Within a phoenix app, I have a form with the user submits an URL. I persist the URL in a data store. I want to then have a background process(es) to 1) retrieve the page for the given URL, 2) parse the page for a few meta elements, 3) update the database, and finally 4) notify the user through a phoenix channel.
Originally, I thought to Keep It Simple and start a single async Task. But with the four different steps, I felt I was stretching the boundaries of how complicated a Task should be. Is this logic much too elaborate for a Task? Most documentation I read suggest using tasks for straightforward computations.
Next, I felt GenServer was ideal. I can start a GenServer to perform all the steps and pass messages to communicate the process. But, having a single process seemed error prone as some websites might take too much time to deliver the page. I could easily bottleneck requests on a single GenServer. So, should I start new GenServers for each form submission?
With my worry on throttling request, I came to GenStage. I can manage the request bandwidth based on my needs. But should I place all 4 steps into a single consumer or daisy chain them with different consumers. I quickly looked at some Flow discussion and then decided I may be overcomplicating the solution.
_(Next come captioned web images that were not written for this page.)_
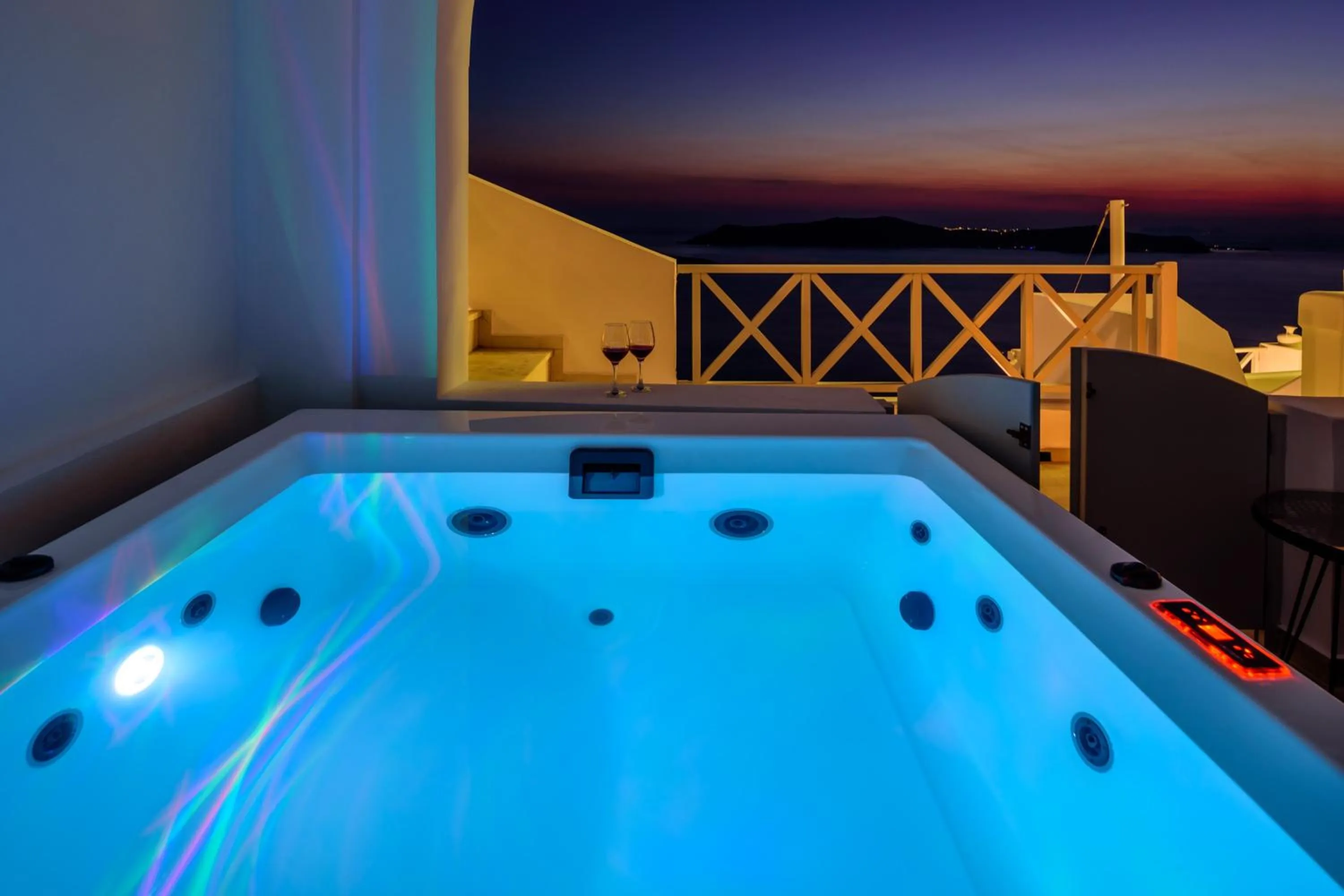Hot Tub in Elia Caldera Suites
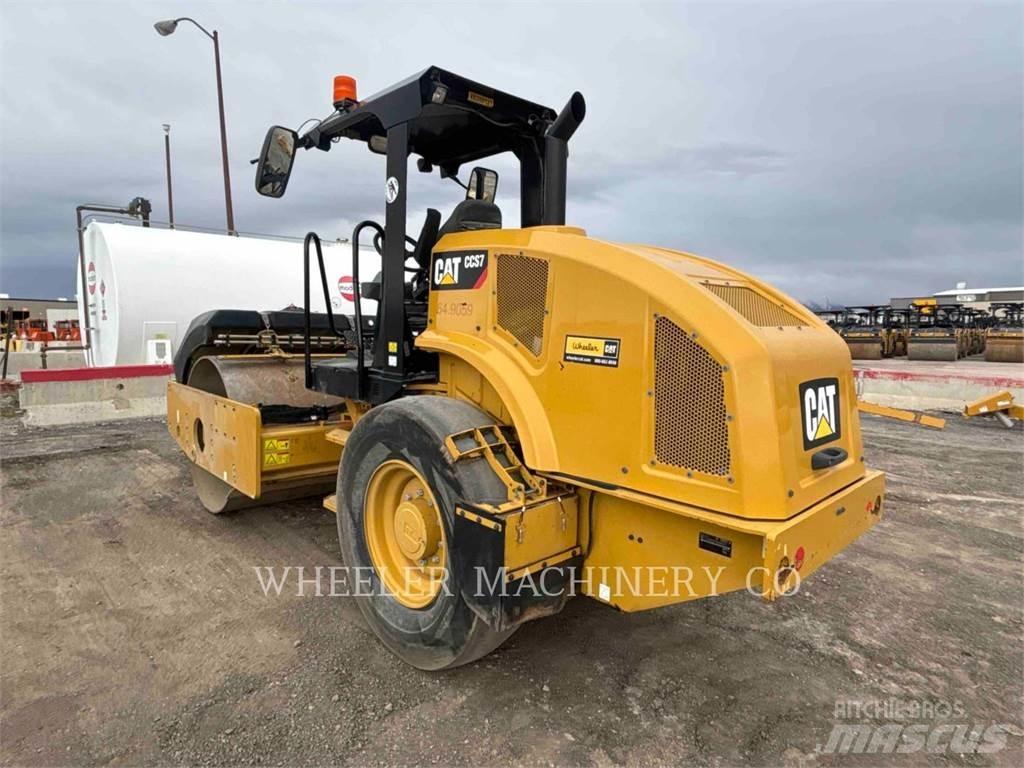 CAT CCS7 Катки тротуарные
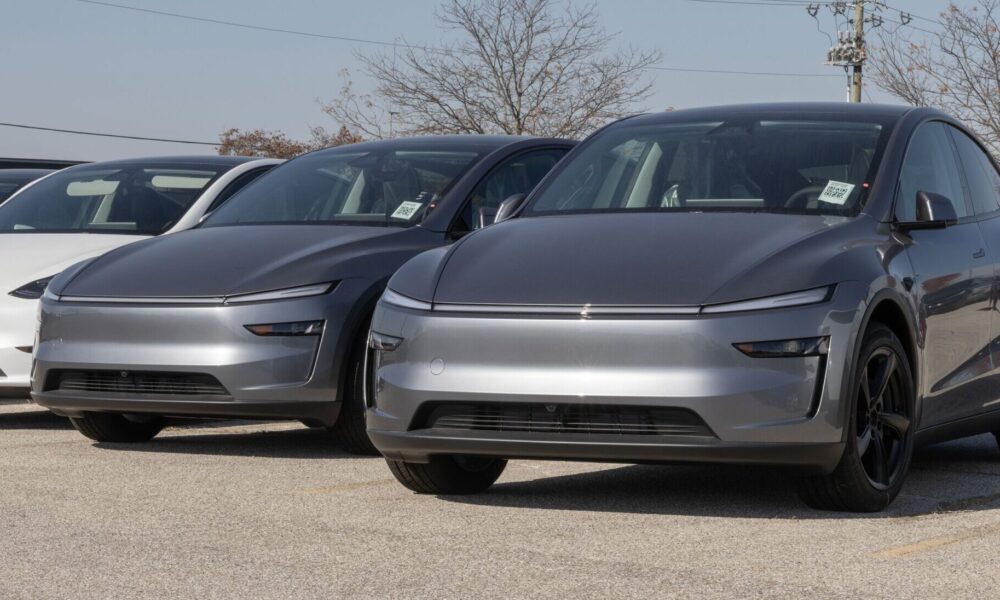 Tesla 2026 Projeta Recuperacao Modesta Desafios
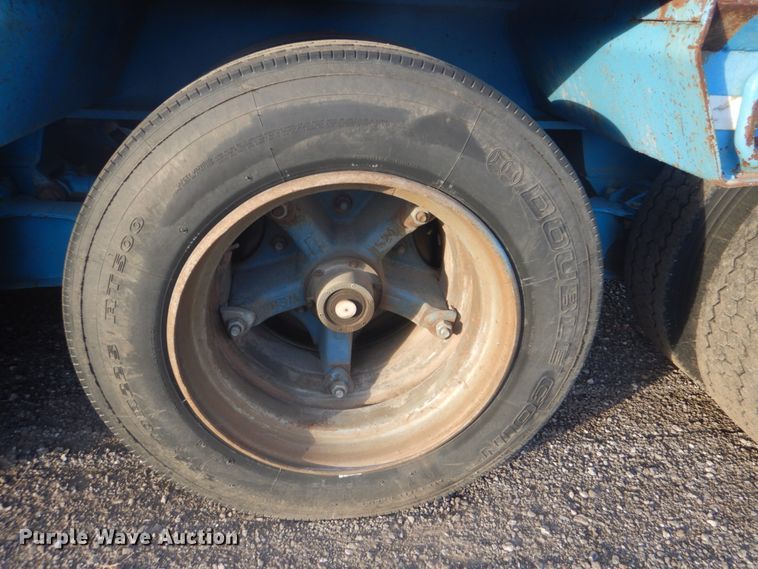 image for item DI2390 1987 Eager Beaver 50HG/HS50-TON lowboy equipment trailer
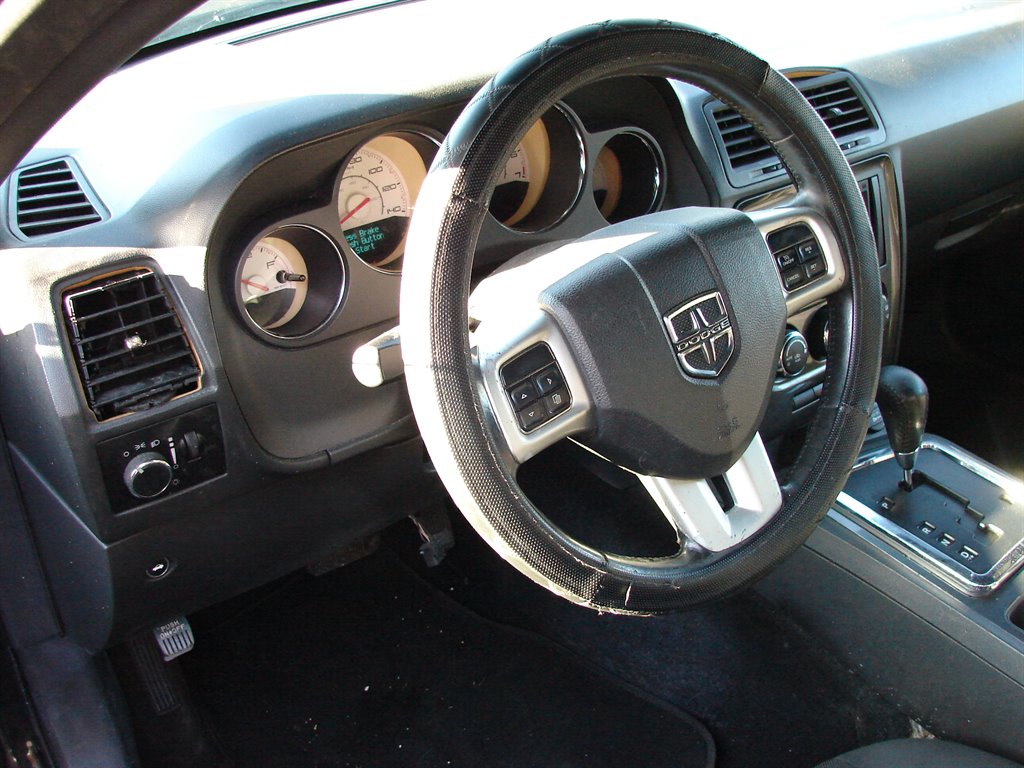 2012 Dodge Challenger SXT photo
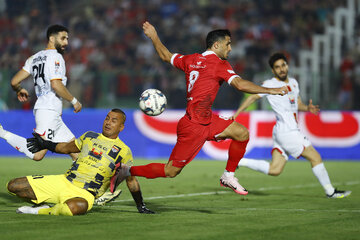 یحیی مچ وحید را در تهران خواباند؛ پرسپولیس ۱ - ۱ فولاد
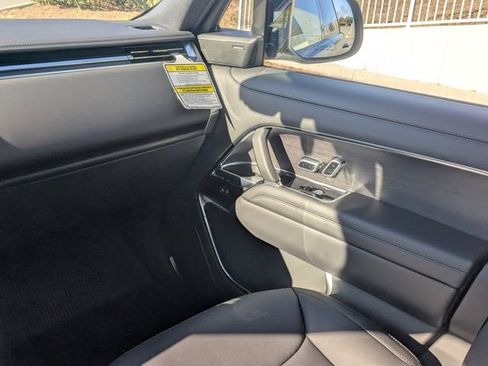 New 2026 Land Rover Range Rover Long Wheelbase SE image 16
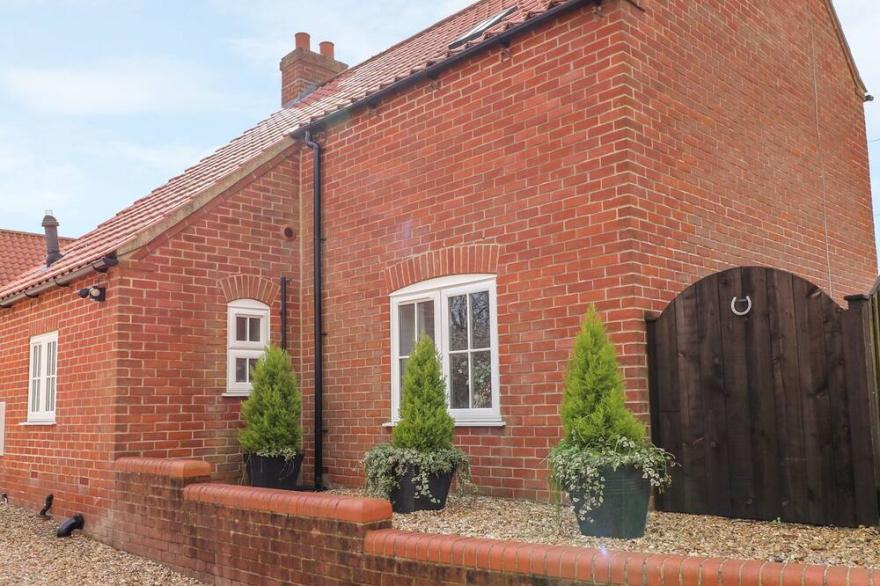 THE STABLES, Pet Friendly, With A Garden In Horncastle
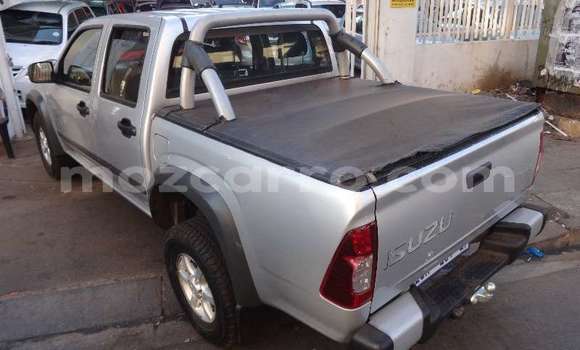 Nunua Ilio tumika Isuzu KB Nyeupe Gari ndani ya Gilé nchini Zambezia Nunua Ilio tumika Isuzu KB Nyeupe Gari ndani ya Gilé nchini Zambezia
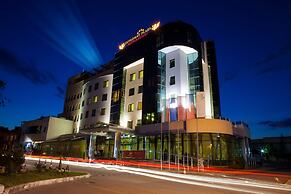 Diplomat Plaza Hotel & Resort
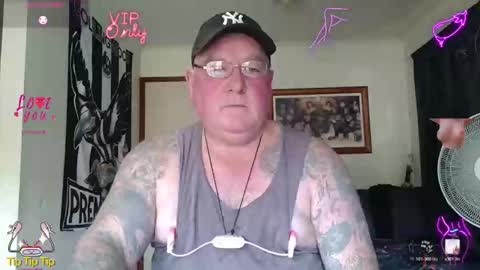 Snapshot of tattzsexy chatting on 05-17-26, 02:09 tattzsexy online show from 05-17-26, 02:09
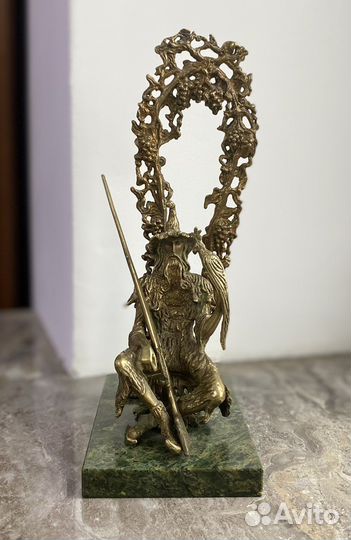 Робинзон Крузо бронза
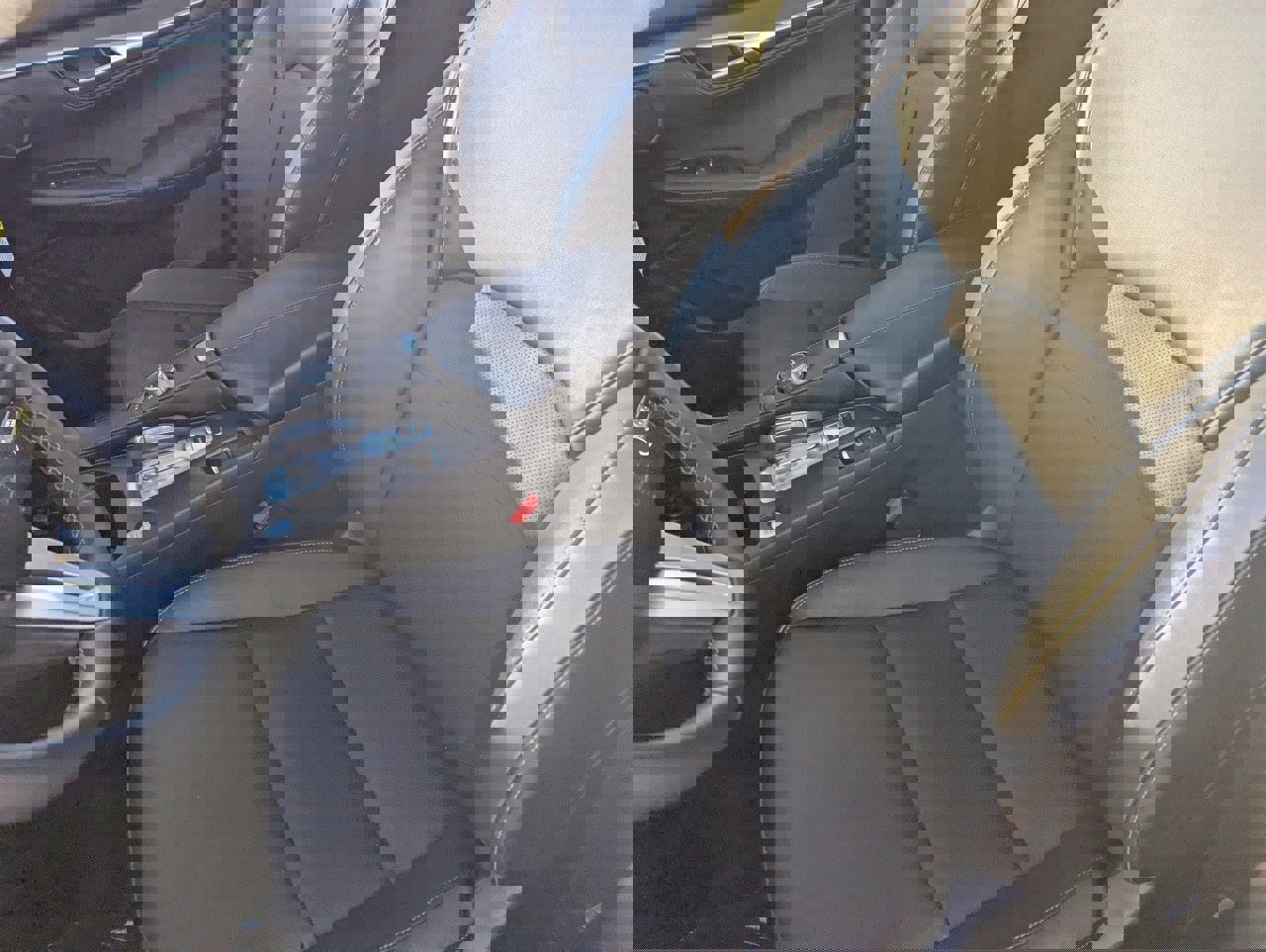 Certified 2025 INFINITI QX55 Luxe w/ Cargo Package image 17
Advice is much appreciated.
If I were you, I’d look at the maximum requests per second that I would get. If that number is around 100, I would just spin up new processes and let them do the whole workflow. This is simple, but doesn’t allow you to control the concurrency. If the traffic was very unpredictable. I would just create a worker module which could do the whole thing and spin up 10 or 20 of them at the start of the app, and use something like poolboy to checkin/checkout the workers and work with them.
Use a GenServer. Test it in production. If it is not a bottleneck, well it works. If it is a bottleneck, you can replace it. Your public API will make the refactoring fast.
“Make it works, then make it pretty, then, if needed, make it fast”
I had a similar scenario, though I had to rate limit an external api call (1/sec sic)… I ended up using a queue (https://github.com/kuon/backy) - might not be the most elixir idiomatic, but gets the job done in a quick and simple way.
nb: with backy you can tune max_concurrency to your liking. and you can easily get the users position in the queue, by querying the queue db table.
Looks very feature rich, but I was hoping for a more native implementation. Another of my bad habits is to always reach for a library instead of first trying a native approach. I will keep this in my back pocket if I stumble or the problem grows in complexity.
I had a similar feeling. Ultimately, I need to let the performance need dictate the solution.
Good point on the public API. I will go with your advice. Thanks!